**Information shown**.
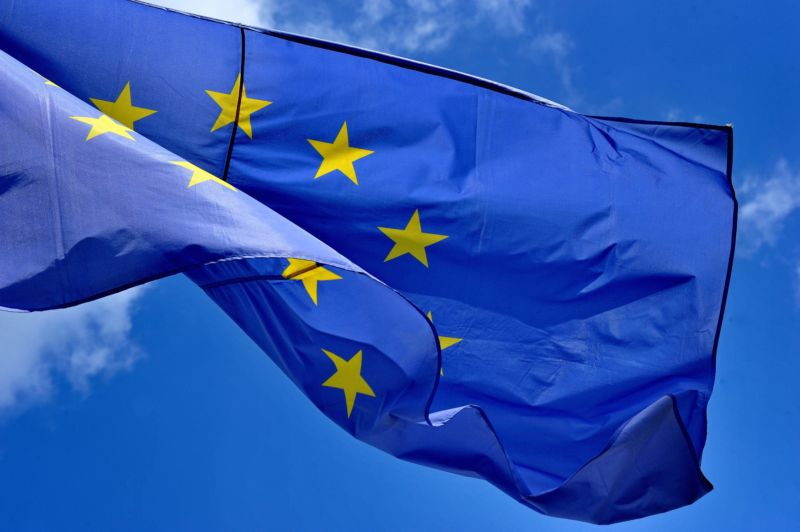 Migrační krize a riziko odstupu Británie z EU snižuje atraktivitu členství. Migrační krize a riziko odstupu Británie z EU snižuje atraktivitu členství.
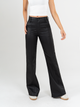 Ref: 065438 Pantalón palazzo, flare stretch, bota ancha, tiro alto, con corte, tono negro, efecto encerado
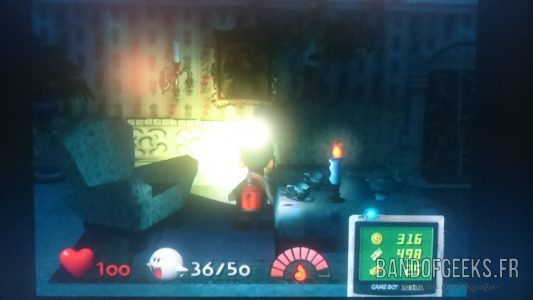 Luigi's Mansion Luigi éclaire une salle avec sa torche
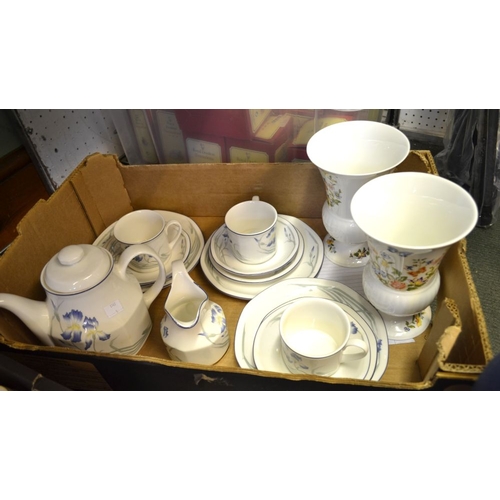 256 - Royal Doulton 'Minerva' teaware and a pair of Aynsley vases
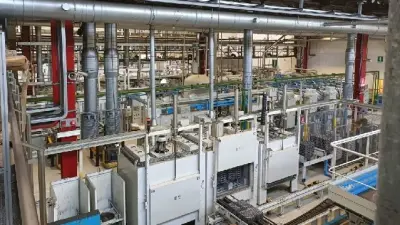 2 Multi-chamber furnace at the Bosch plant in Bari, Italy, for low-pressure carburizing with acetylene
--
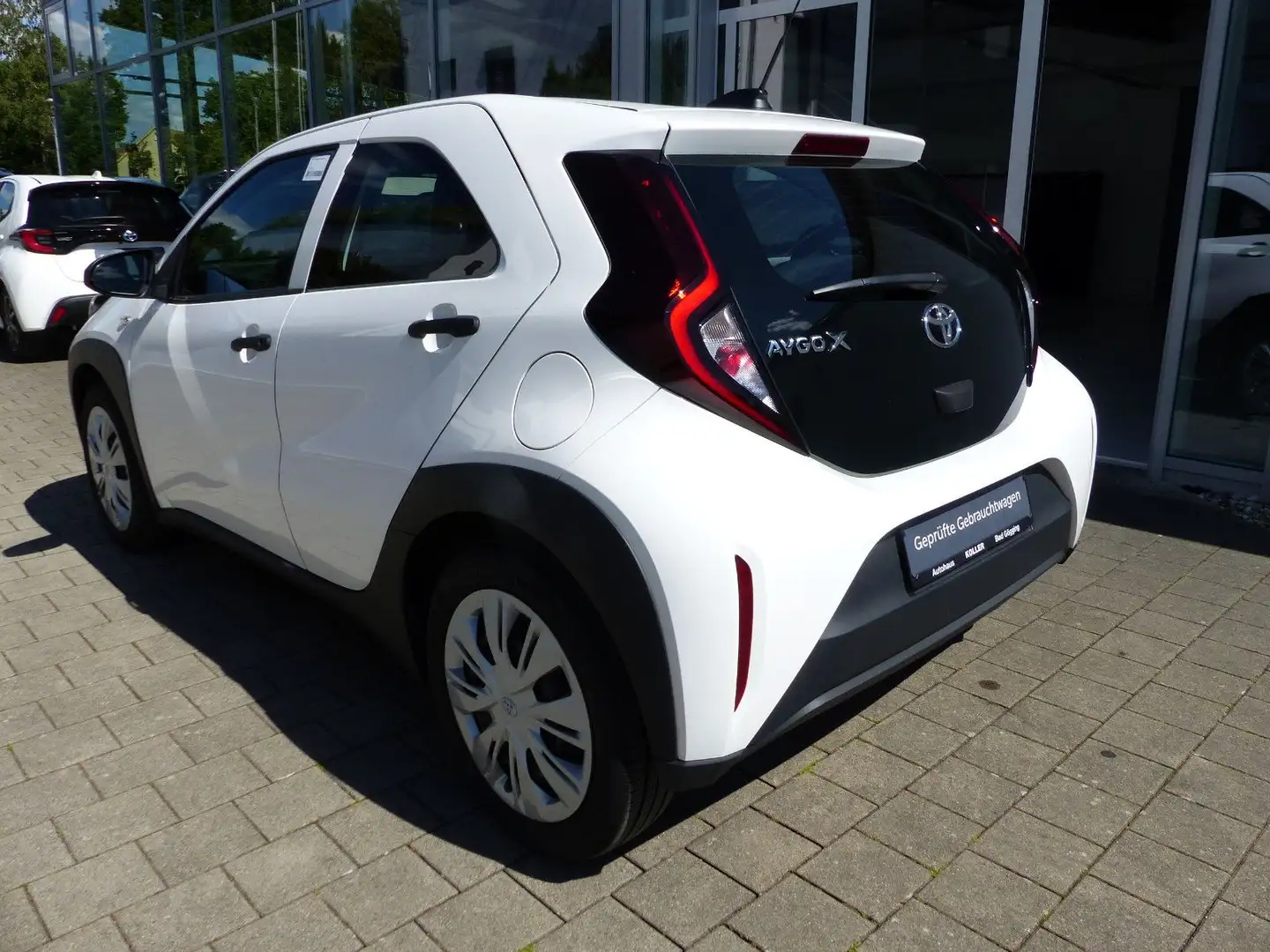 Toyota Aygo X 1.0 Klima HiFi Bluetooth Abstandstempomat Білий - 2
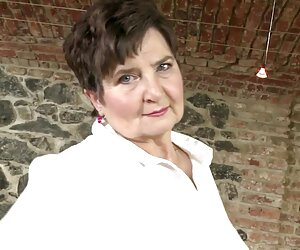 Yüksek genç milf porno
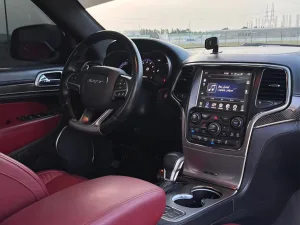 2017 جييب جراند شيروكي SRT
---
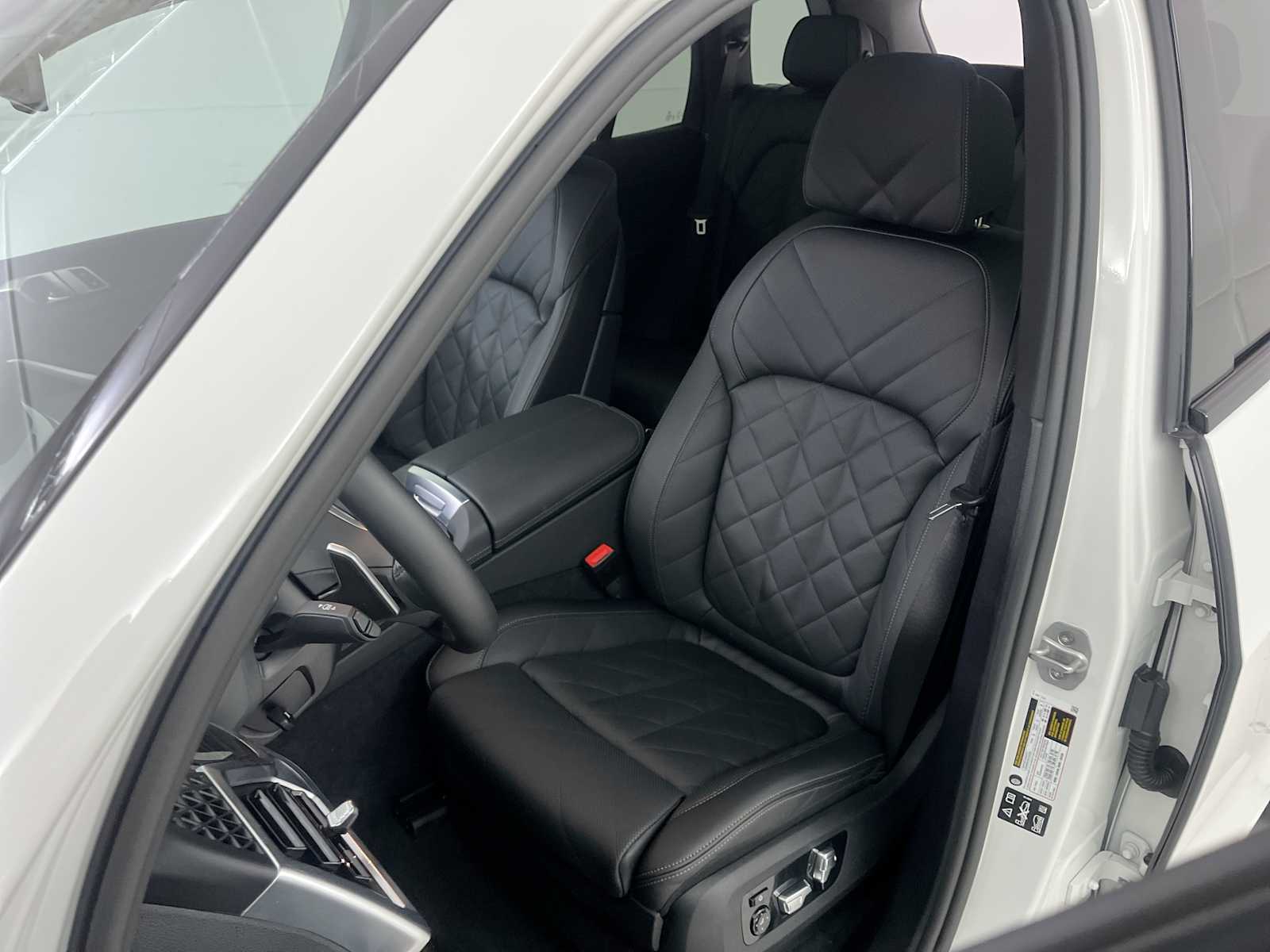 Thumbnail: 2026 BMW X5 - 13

**Aim of the exercise**. From the records above, copy exactly the stretch from the line holding "Toyota Aygo X" through the line holding "2017 جييب جراند شيروكي SRT", both ends included, without the pictures.

**Written answer**.
 Toyota Aygo X 1.0 Klima HiFi Bluetooth Abstandstempomat Білий - 2
 Yüksek genç milf porno
 2017 جييب جراند شيروكي SRT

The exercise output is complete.